DeepSky ATC: MLP Baseline Refactor

March 22, 2026

The Problem: Naive Flatten Not Defensible

Original MLP architecture flattened all neighbors into one vector:

neighbors_flat = neighbors.reshape(batch_size, K*features)
h = mlp(neighbors_flat)

Issues:

  • Not permutation invariant (neighbor order affects output)
  • Cannot handle variable K
  • Not standard baseline in research literature
  • “Easy win” for GAT (unfair comparison)

The Fix: DeepSets Architecture

Switched to proper permutation-invariant baseline from Zaheer et al. 2017:

# Process each neighbor through shared MLP
for i in range(K):
    h_i = neighbor_mlp(neighbors[:, i, :])  # Shared weights

# Aggregate via mean pooling (permutation invariant)
h_neighbors = torch.mean(h_neighbors, dim=1)

Benefits:

  • Permutation invariant (neighbor order doesn’t matter)
  • Handles variable K naturally
  • Standard baseline (CommNet, DGN use similar approach)
  • Fair comparison to GAT (both use aggregation, only GAT has attention)

K=10 For All Architectures

Changed from:

  • MLP: K=5, naive flatten
  • GAT: K=10, attention

To:

  • MLP: K=10, DeepSets (mean pooling)
  • GAT: K=10, Graph Attention
  • GNN: K=10, Graph Convolution

Same K for all. Only architecture differs.

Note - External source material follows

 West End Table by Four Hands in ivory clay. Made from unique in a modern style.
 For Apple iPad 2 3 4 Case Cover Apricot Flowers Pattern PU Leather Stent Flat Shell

Research question changed from: “Can human-scale fixed attention (K=5 naive flatten) match attention-based models?”

To: “Does the attention mechanism provide benefits over permutation-invariant aggregation (DeepSets) when information is equal?”

Much stronger research.


Why K=10?

Graph Neural Network Standard:

  • K=8-12 is typical in GNN literature (Veličković et al. 2018, Kipf & Welling 2017)
  • Used in DGN, CommNet, and other MARL baselines

Fair Comparison:

  • Same information access for all architectures
  • Only difference is HOW neighbors are processed

Partial Observability Maintained:

  • Stage 3 (8 agents): K=10 sees 7/7 neighbors (100%)
  • Stage 4 (50 agents): K=10 sees 10/49 neighbors (20%)

MLP Stage 1-2 Results

Stage 1: Single Agent

  • MLP DeepSets: ~500 reward
  • GAT: ~500 reward
  • Equal performance

Stage 2: Two-Agent Conflict

  • MLP DeepSets: ~400 policy reward (60 iterations to converge)
  • GAT: ~400 policy reward (8 iterations to converge)
  • Equal peak performance, GAT 7.5x faster convergence

Critical Finding: Sample Efficiency Gap

MLP can match GAT peak performance in simple scenarios but requires significantly more training iterations.

Convergence speed:

  • Stage 2: GAT 7.5x faster
  • Both stable at 2-agent scale

Attention mechanism provides faster learning but not higher asymptotic performance at low agent counts.


Decision

Retrain MLP from scratch with DeepSets. Old K=5 naive flatten results invalid for publication.

Set K=10 for all architectures to ensure fair comparison. Either result is publishable because comparison is fair and methods are proper.